US data increased the doubts about FED's next plans!
The first important data of 2022 from the United States, increased the doubts over Federal Reserve's next policies. While market pricing on ending the bond purchases plan in mid-March and start raising the rates right after that, now with slower increasing economic data and faster spreading the omicron variant of Coronavirus, it can be under question!
Yesterday, the US ISM manufacturing PMI for the first time in the past three months fell under 60, to print the 58.7, which was under market expectations of 60.1 as well. From the perspective of sub-data, except for the employment index, which increased moderately to 54.2 (previously 53.3), all other indicators declined, and it is not a good signal.
This is an employment week in the US, with JOLTs, ADP, Initial Jobless Claims, and NFP! Yesterday the first data was published. JOLTs job vacancies in November fell slightly to 10.562 million, after October increase to 11.033 million. However, it is still much higher than the pre-pandemic numbers.
With weaker US data, now we can see the US dollar a bit weaker against its crosses with DXY fell under 96.20, from yesterday high of 96.45. Despite increasing risk in the market, still, US bond yields increasing.
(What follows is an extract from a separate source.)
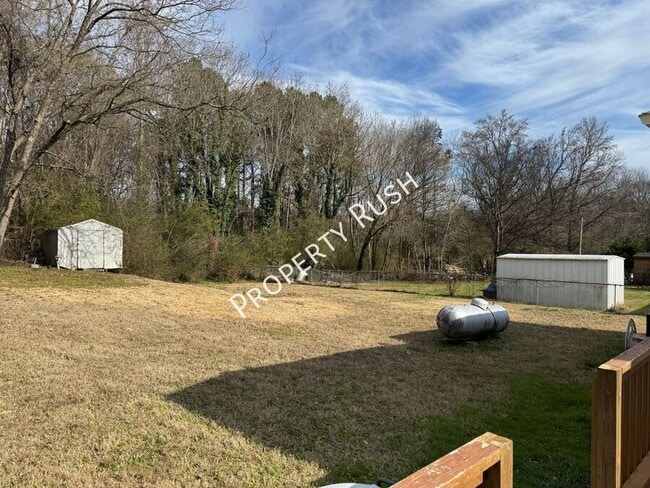 Building Photo - 32 Opal Rd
At the time of writing, we could see the US 10-years bond yields at 1.653%.
Given all these data, for today, the focus turns on the US private sector employment report published by the ADP and the FOMC's minutes of December's monetary policy meeting. Also, the IHS Markit will release the final revisions to Services and Composite PMI data for the euro area, Germany, and the US as well.
Yesterday we had the OPEC+ meeting as well. The Organization of the Petroleum Exporting Countries and allies decided to stick to the current plan with no change in the increased output by 400,000 barrels per day in February. This decision shows their confidence that overall demand wouldn’t be hit too badly by the fresh Covid outbreak.
Overall, with the weak performance data, yesterday the US dollar index tested 96.01, and then rebounded and closed at 96.28 and now also it is under pressure. However, more pressure was on the Tech stocks. With increasing the US bond yields, tech stocks were under pressure and finally caused the NASDAQ to close lower by a -1.33% loss. US benchmark 10-years bond yields were seen at a six-week high on Tuesday, while five-year bond yields hit a pandemic-era high, and two-year note yields hit their highest since March 2020 on Monday.
Given all mentioned data and events, and while ND-100 closed with a 1.33% loss yesterday, however, it lost more than 2.5% from its daily high after data was published, before slightly recovery. From the technical point of view and as you can see in the below chart, the asset has the important support at 16,150. Breaching under this level can send the asset much lower. In the intraday trading charts, technically remains bearish. In the Daily chart, the asset has strong support at 15,650, and as long as it is trading above this level, bulls will lead the way.